The Findlays learned about one major challenge with the project—transporting the wheelchairs from the main island to the outer islands.

“They had one that was ready to go to a lady on North Tarawa, and they were looking at transportation options,” Sister Findlay said. 

The missionaries offered the Church’s boat to aid in the expedition, and Ms. Tebakaro “thought that would be wonderful.”

Next, the missionaries spoke with the president of the Tarawa Kirbati East Stake, Iotua Tune, who agreed to take both the wheelchair and the rehab team with him when he went to the island on stake business. 

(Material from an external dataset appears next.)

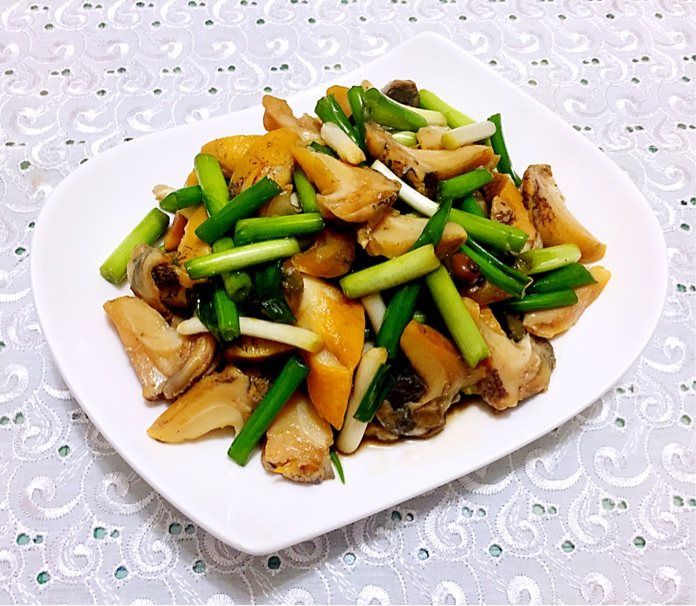 小葱拌假鲍鱼步骤18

The Findlays set out early on the appointed day. “We picked them up before sunrise and launched the boat at dawn,” Sister Findlay said. “Both [Aata Tebakaro] and the technician, Tion Atateka, would accompany us to ensure that the wheelchair was properly fitted.” 

Elder DeMoine and Sister Joyce Findlay launch the boat Riaona (which means “Liahona” in Kiribati) at dawn to transport a wheelchair.

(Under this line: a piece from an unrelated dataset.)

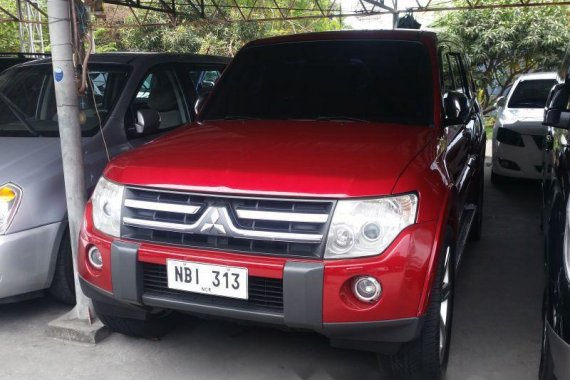 2009 Mitsubishi Pajero for sale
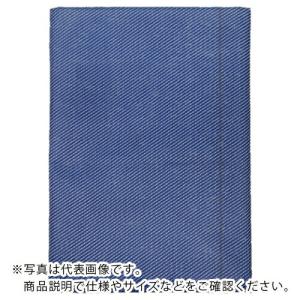 萩原 ターピー デニム調ブルーシート デニムブルー 2.7mX3.6m  ( DNM2736 )｜orangetool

Engine troubles slowed them down on their journey, and despite their early start, the high tide had already come out when they reached the tiny island. 

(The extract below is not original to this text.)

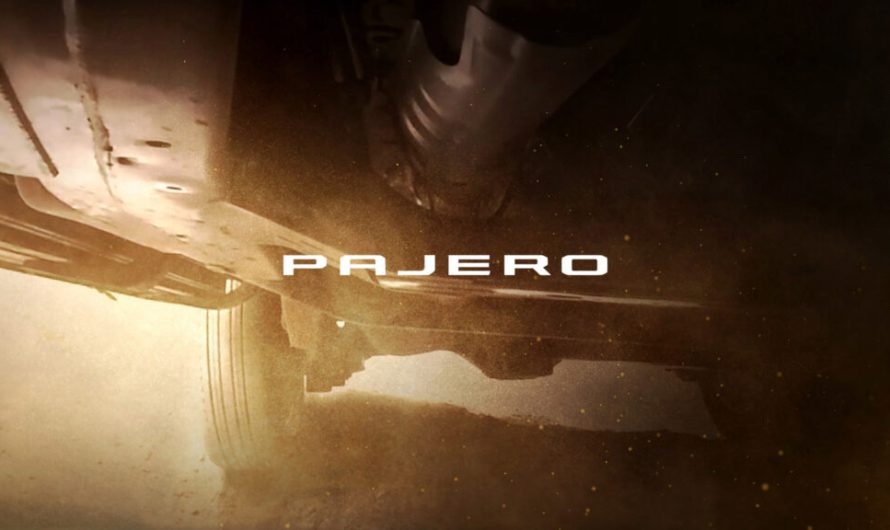 Новий Pajero від Mitsubishi бере на озброєння фішки пікапа Triton у протистоянні з Land Cruiser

“We were about a half mile off shore,” Sister Findlay said. “The water was too shallow to get the boat into where the wheelchair needed to be delivered.”

President Tune suggested they take the boat around the island to try and dock near the branch president’s house, which stood on a steeper slope. This allowed them to stop the boat only feet from the shore. President Tune called out to a woman on the beach and asked her to contact the branch president.

“[President Iou Teeta] arrived shortly and carried the wheelchair to shore and then the technician to shore,” Sister Findlay said. Then she explained, “The technician is an amputee who gets around amazingly well, but he cannot get his prosthetic leg wet.” 

President Iou Teeta of the Bonriki Branch on a small island in Kiribati came to the beach to help unload a wheelchair and carry it through the shallows.

Ms. Tebakaro herself waded in to the shore, and the group set off for the next village. The Findlays took the boat back out to sea to repair the motor, and they were finally able to go ashore themselves four hours later when the tide came in. 

Tekanan Tanintoa, a Latter-day Saint and double amputee, was “beyond thrilled” to receive the wheelchair. “She was sitting in the wheelchair chatting and giggling,” Sister Findlay said. “She was so very, very happy!”

Sister Tanintoa had not been able to attend church for months, but the wheelchair team took her to the Church building and showed her how the wheelchair would let her go upstairs to the chapel. When she reached the top, she laughed and told them that they would not have to assist her going down. “The Lord will help me,” she said.

President Tune returned to the outer island a few weeks later and learned that Sister Tanintoa was attending church again. He tried to visit her, but she wasn’t home—she was out in her wheelchair.